24 marzo 2006

exibinterviste – la giovane arte Debora Romei

 
Ancora pittura. Bastano idee chiare, una lampada al neon e un garage-studio dalle parti di Reggio Emilia. Torna l’artista palombaro con tanto di scafandro. Per indagare la forma e i suoi paradossi…

di

Dov’è il tuo studio?
Sulle colline di Reggio Emilia, in un posto magnetico. Vivo al piano di sopra e sotto ho adattato garage e stanza annessa a studio. Lo spazio è diviso in due parti: una dove dipingo, l’altra dove dispongo i quadri in modo tale da poterli guardare. C’è luce al neon, bassa, che si adatta bene al mio modo di procedere e che mi aiuta nella concentrazione.

E chi ti aiuta nel lavoro?
I Portishead, che ascolto ossessivamente. Devo ringraziare soltanto me stessa, e la persona che vive con me e mi sopporta. Spesso lei viene con me alle inaugurazioni. Ma si stanca subito, e la capisco.

Cosa chiedi alla tua pittura?
Di sorprendermi. Ti pare poco sorprendersi? È avvenuto per la prima volta quando, a 12 anni, il compito a scuola era copiare un Cézanne: quelle mele mi parlavano di qualcos’altro.

E adesso?
Adesso dipingo, appunto.

Mai pensato di fare anche altre cose?Debora Romei, Senza titolo, olio su tela, cm 143x138
No, l’ho sempre sentito come una perdita di tempo rispetto a qualcosa di più urgente e importante. A volte invidio le persone che scelgono una professione più convenzionale e ne sono soddisfatte. L’arte per me è sempre stata una necessità.

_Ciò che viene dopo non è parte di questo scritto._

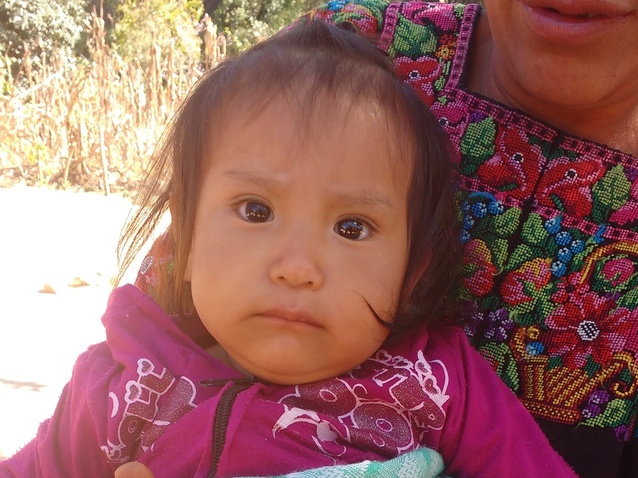 Zoila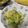 クックE662AA☆'s cooksnap of when they made とりあえずアボカド♬すぐおつまみ.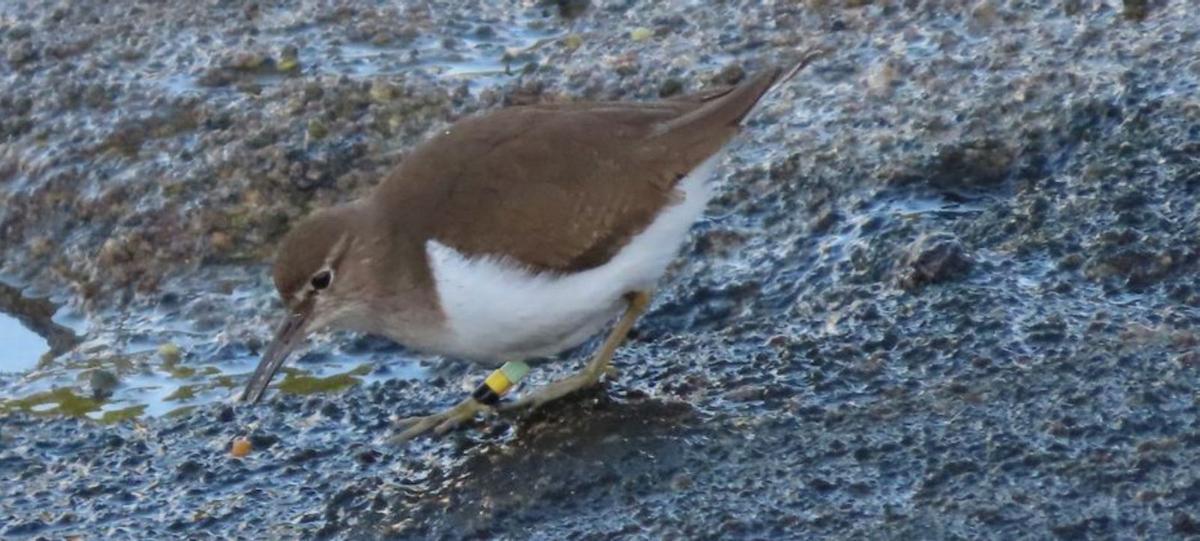 El Puerto elabora un catálogo con las especies de aves en sus espacios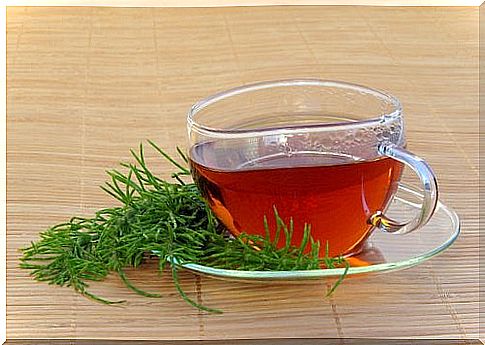 Horsetail tea fights water retention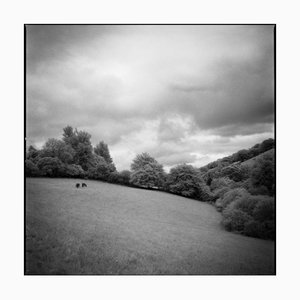 Paul Cooklin, Woodland, Photograph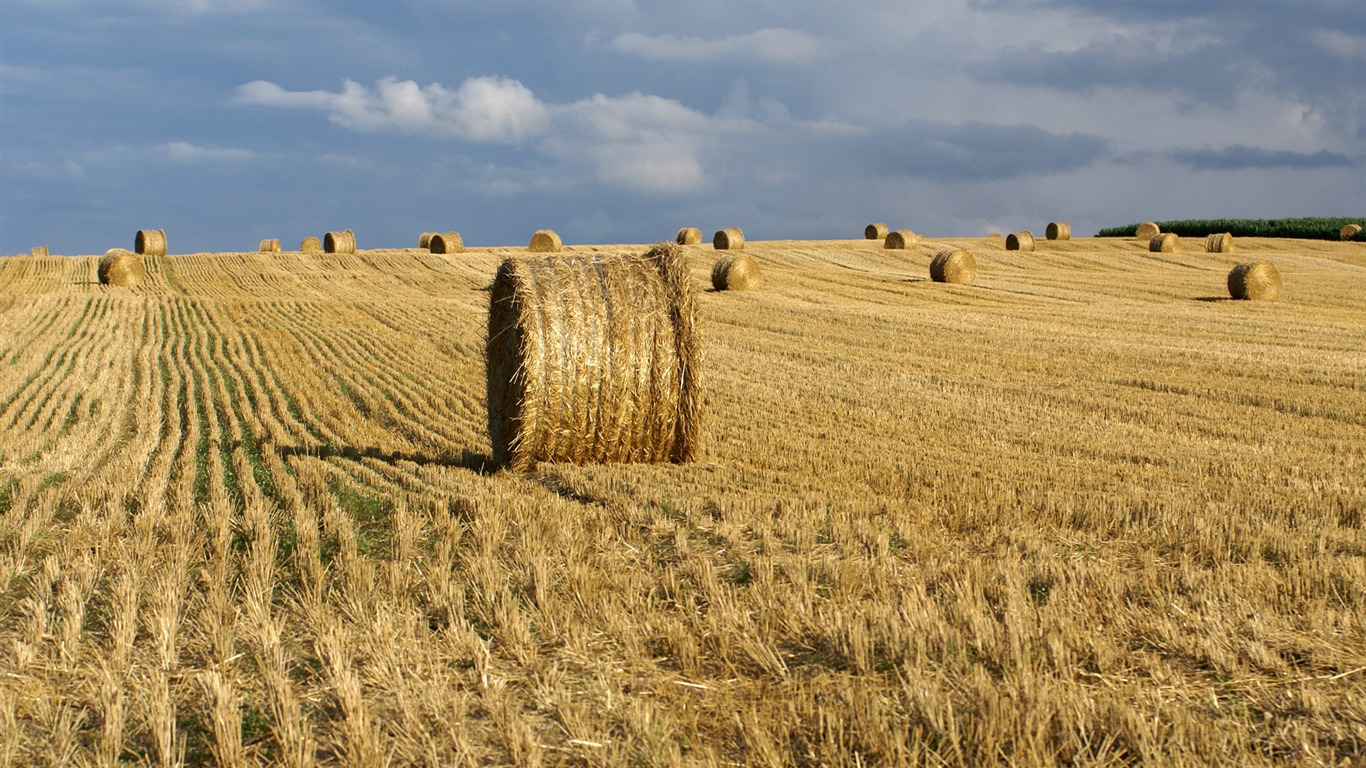 Pšenice tapety (3) #14 - 1366x768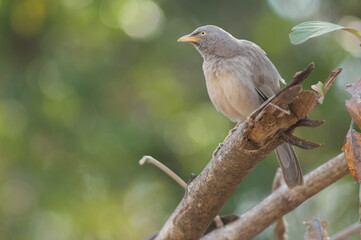 Jungle babbler Turdoides striatus on a branch. Sasan. Gir Sanctuary. Gujarat. India.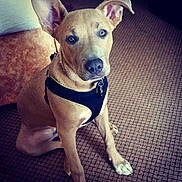 Dime is registered to the contest to win money with this photo: dog, canine, pet, indoor, carpet, harness, brown, sitting, ears, paw, floor, animal, looking, cute, young, domestic, portrait, companion, household, friendly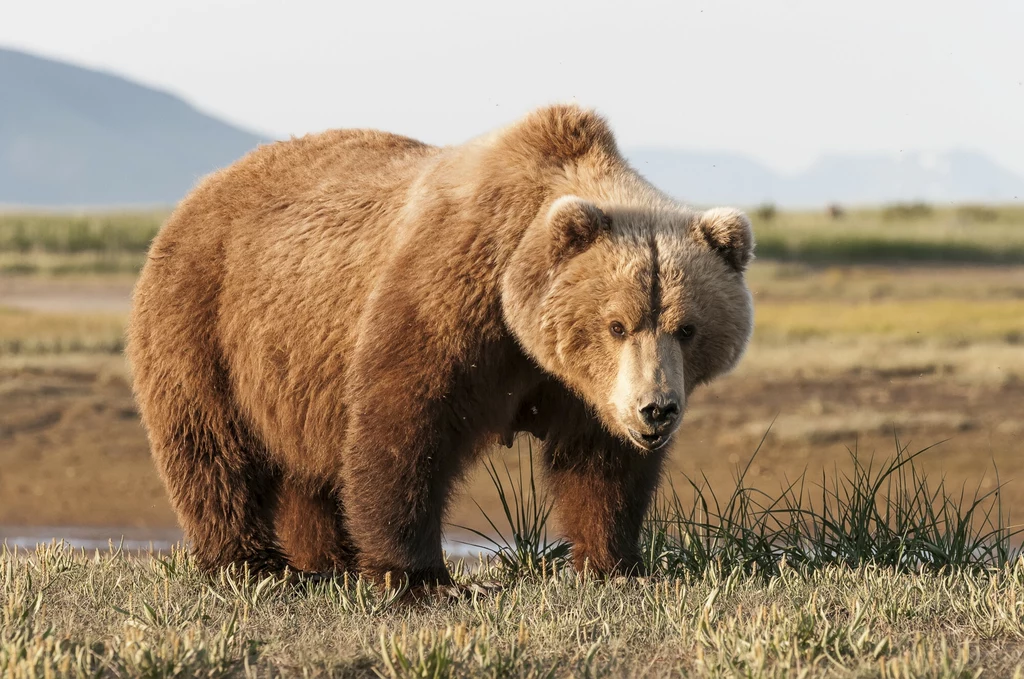 Niedźwiedź grizli z Alaski to jeden z symboli Ameryki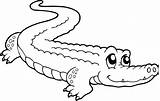 Crocodile Animals Coloring Pages Printable Drawings sketch template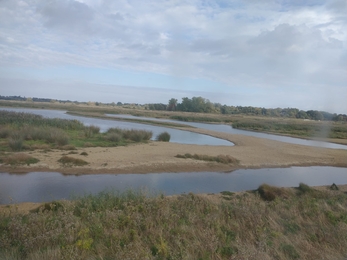 Cormorant island gets a trim - Andy Hickinbotham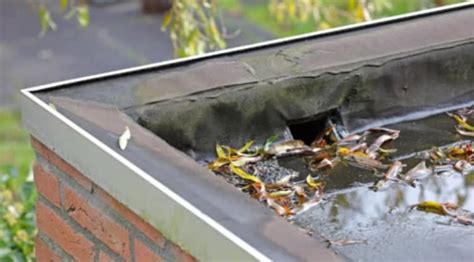 Flat Roof Drainage Systems - My Trusted Expert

Come procedi nel tuo lavoro?
Unisco due pratiche tra loro in antitesi: un lavoro “cieco”, più caldo, dove non mi fermo a guardare; e un lavoro freddo, “guardato”, in cui prevale l’analisi progettuale. Ragiono per contrasti.

E cosa c’è nelle tue tele?
Ho trovato nella forma stati di trasformazione sessuale, necessità di riempimento e sottrazioni in termini di spazio e tempo. Mi viene naturale allontanarmi dall’ovvio e pensare che le forme provocatorie debbano contenere, insieme, il bello e il brutto.

I tuoi riferimenti?
Francis Bacon, Louise Bourgeois, Nan Goldin, Luciano Fabro. Ma anche… Italo Calvino. Non ho mai avuto miti, però.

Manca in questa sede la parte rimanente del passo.